Most speculoos cookies contain wheat, and many contain soy. Some brands may include milk. If you’re making this for someone with allergies, read the cookie label and keep tools clean to avoid cross-contact. The FDA’s pages on major food allergens explain what must be declared on packaged foods in the U.S., including sesame.

Fixes For Common Cookie Butter Problems

Cookie butter is forgiving. Most issues come from blending order or tiny measurement swings. Use this table as a fast reset.

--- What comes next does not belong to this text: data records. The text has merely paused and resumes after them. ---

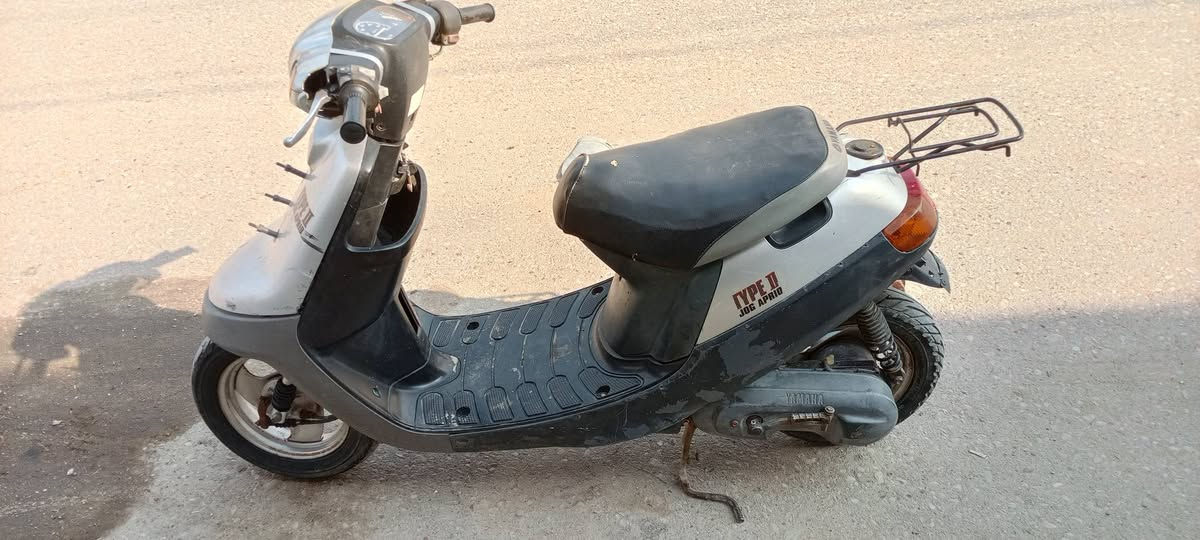 دراجة بطة للبيع السعر 200 مكاني رميثة شغاله كلها . كهربائيات كلها شغاله.  ***********
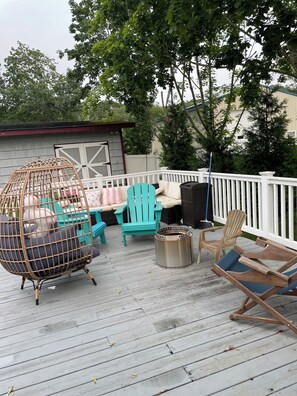 Terrace/patio - Flamingo East- close to all Hamptons happenings (Eastport)
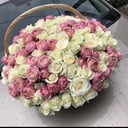 Букет роз в корзине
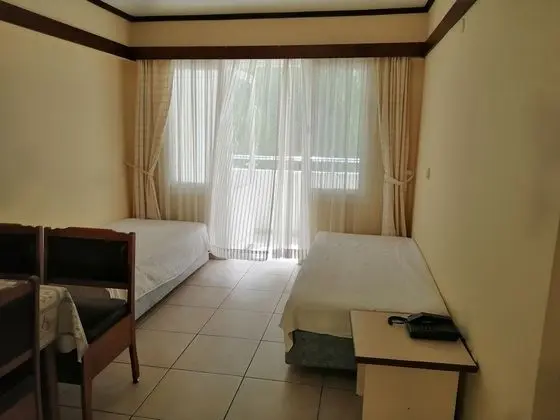 Oya Apartments - Oda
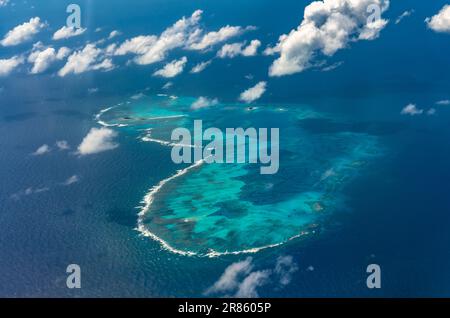 Vue aérienne de l'île en forme de coeur dans la mer des Caraïbes Banque D'Images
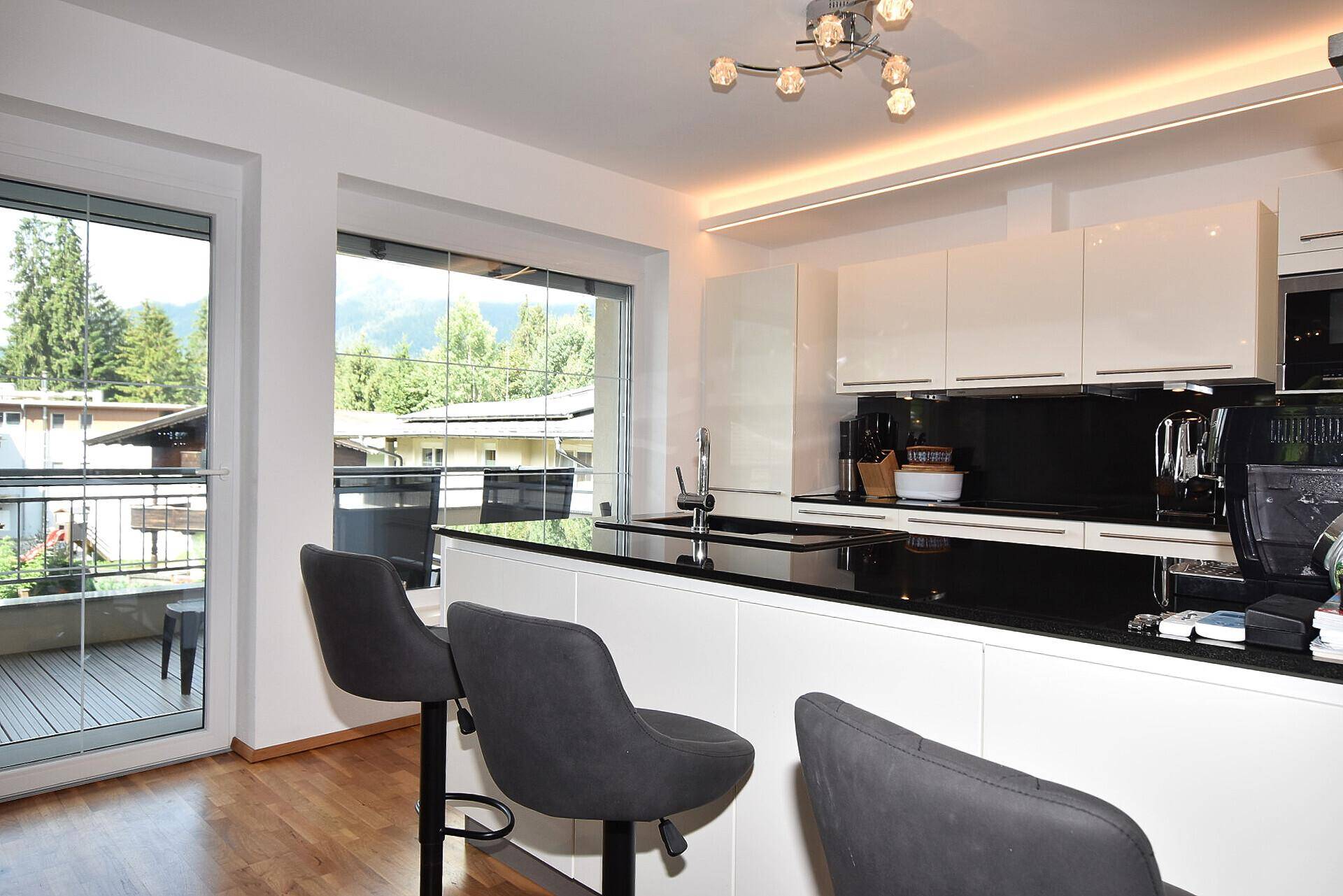 Küche mit Zugang auf den Balkon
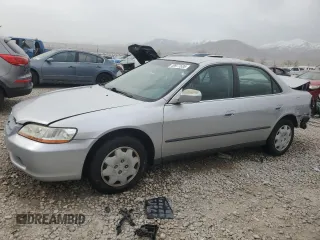 2000 Honda Accord LX z VIN JHMCG5645YC037599, wystawiony jako Copart lot #49977535 z przebiegiem 180 678 mil mil oraz Szkoda całkowita • Salvage title. Historia ofert i sprzedaży dostępna na DreamBid. Obrazek 1.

What you see Why it happens What to do next
It stays sandy and won’t turn creamy Not enough oil or not enough blending time Blend 60 seconds, then add oil 1 teaspoon at a time
It tastes gritty Sugar not fully dissolved or crumbs too coarse Blend longer; switch to powdered sugar next batch
It’s runny Too much oil or liquid Blend in more crumbs, 1 tablespoon at a time; chill and stir
Oil pools on top Jar sat warm or the mix wasn’t blended enough Stir well; re-blend 20 seconds if needed
Flavor feels flat Salt too low or cookies are mild Add a pinch of salt; add a pinch of cinnamon
It turns too firm in the fridge High coconut oil or low liquid Let it sit 15 minutes, then stir; use neutral oil next time
It clogs the blender Motor too weak for thick paste Work in smaller batches; use a food processor if possible

Ways To Use Your Jar Without Wasting A Spoonful

Once you have a jar, the fun part is using it where its texture shines.

Breakfast hits

  • Spread on toast with sliced banana.
  • Swirl into hot oatmeal right at the end.
  • Stir into yogurt with crushed cookies on top.

Baking and desserts

  • Beat into buttercream for cupcakes.
  • Fold into whipped cream for a no-bake pie filling.
  • Warm 10 seconds and drizzle over ice cream.

Snacks

  • Dip apple slices or pretzels.
  • Spread between two plain biscuits for a quick sandwich.

Batch sizing And A Simple Checklist

If you want a bigger jar, scale by weight. A clean ratio to start with is 250 g cookies to 100 g oil, then sweetener and liquid to taste. Blend times stay about the same. Just stop to scrape more often.

One-bowl checklist

  • Crush cookies to a fine sand.
  • Mix in powdered sugar and salt.
  • Drizzle in oil until paste forms.
  • Add a small splash of milk or water for shine.
  • Blend until smooth, then jar and label.

Label the jar with the cookie brand, oil used, and the date you made it. That tiny note makes your next batch easier to repeat.